What I Want You to Take Away
If you have spent years being told your labs are normal while your body tells you otherwise — you are not imagining it. You are not anxious. You are not a hypochondriac who found a community online.
You may be presenting a clinical picture that medicine is still developing the tools to see clearly. That gap is a failure of the system, not a failure of your body to make sense.
For clinicians reading this: I am not asking you to diagnose MCAS without a workup. I am asking you to hold the possibility open. To recognize that a normal serum tryptase does not close the door. To refer to colleagues who specialize in this space.
The patients sitting in your office with idiopathic everything deserve better than a shrug and a six-month follow-up.
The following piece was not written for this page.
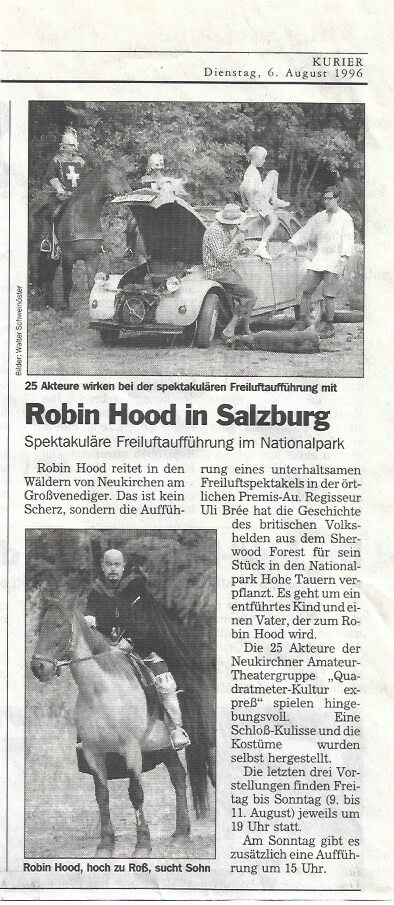 Robin Hood (Juli 1996) Robin Hood (Juli 1996)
This post is for educational purposes only and is not a substitute for individualized medical or nutrition advice. If you suspect MCAS, POTS, EDS, or histamine intolerance, please seek evaluation from a qualified healthcare provider familiar with these conditions.
References:
- Maintz, L. et al. (2011). Association of single nucleotide polymorphisms in the diamine oxidase gene with diamine oxidase serum activities. Journal of Investigative Dermatology, 131(10), 2171–2174.
- Molderings, G.J. et al. (2011). Mast cell activation disease: A concise practical guide. Journal of Hematology and Oncology, 4, 10.
- Shibao, C. et al. (2005). Hyperadrenergic postural tachycardia syndrome in mast cell activation disorders. Hypertension, 45(3), 385–390.
- Stapel, S.O. et al. (2008). Testing for IgG4 against foods is not recommended as a diagnostic tool. Allergy, 63(7), 793–796.
- Valent, P. et al. (2020). Diagnosis and treatment of systemic mastocytosis. Journal of Allergy and Clinical Immunology, 145(4), 1134–1151.